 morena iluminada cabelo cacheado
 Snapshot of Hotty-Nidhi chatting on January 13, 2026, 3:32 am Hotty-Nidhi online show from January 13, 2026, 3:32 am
--
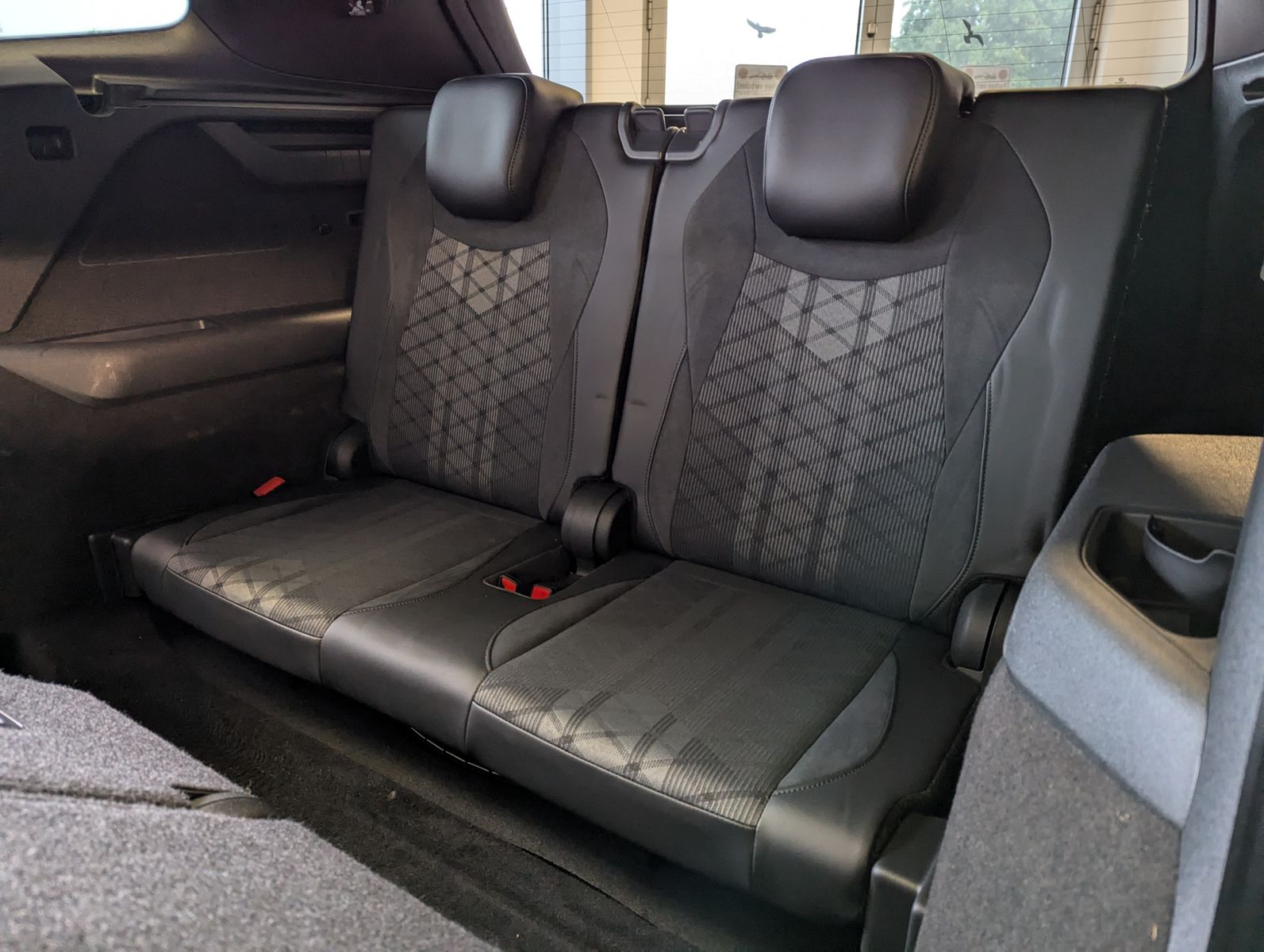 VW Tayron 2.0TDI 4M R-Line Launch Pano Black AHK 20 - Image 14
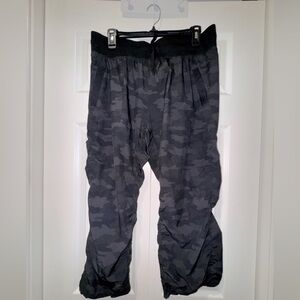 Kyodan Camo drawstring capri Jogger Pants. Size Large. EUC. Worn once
---
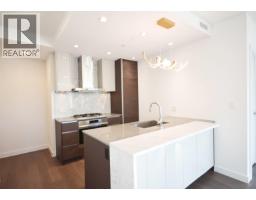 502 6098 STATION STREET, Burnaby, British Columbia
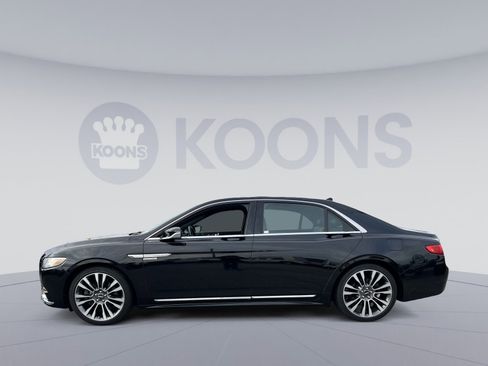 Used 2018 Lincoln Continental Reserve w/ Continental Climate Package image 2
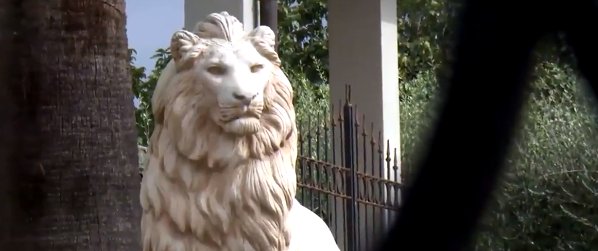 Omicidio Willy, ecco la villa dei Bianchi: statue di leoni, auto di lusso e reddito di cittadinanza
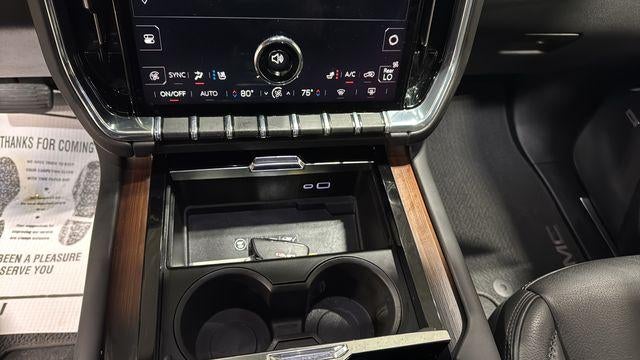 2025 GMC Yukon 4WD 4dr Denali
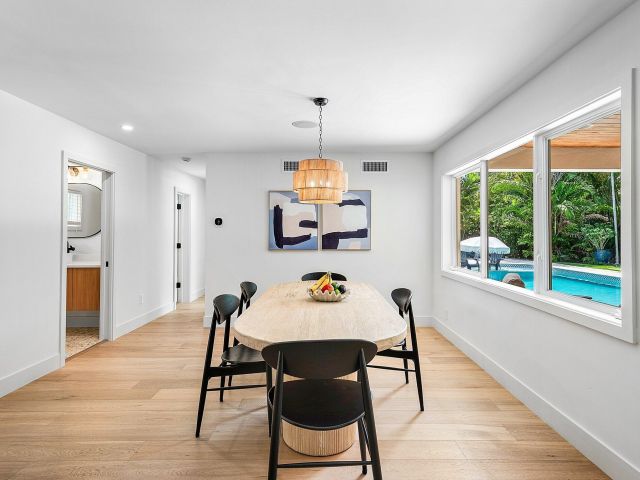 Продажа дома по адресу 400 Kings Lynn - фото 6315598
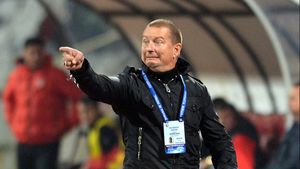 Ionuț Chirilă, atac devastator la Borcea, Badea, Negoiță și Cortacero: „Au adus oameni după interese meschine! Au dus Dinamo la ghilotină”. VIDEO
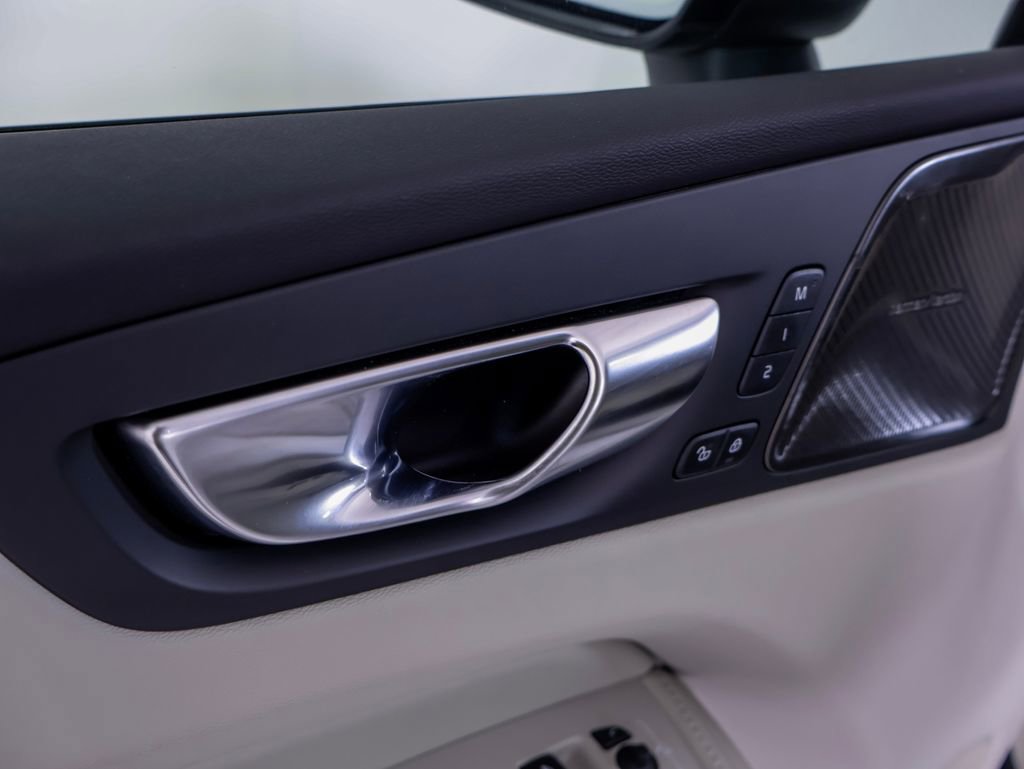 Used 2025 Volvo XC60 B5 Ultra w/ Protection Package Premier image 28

Activity >>
The lines to copy exactly start with the line above that has "VW Tayron 2.0TDI" and go on through the line that has "Kyodan Camo drawstring"; please include both, add nothing else, and omit the pictures.

Response area >>
 VW Tayron 2.0TDI 4M R-Line Launch Pano Black AHK 20 - Image 14
 Kyodan Camo drawstring capri Jogger Pants. Size Large. EUC. Worn once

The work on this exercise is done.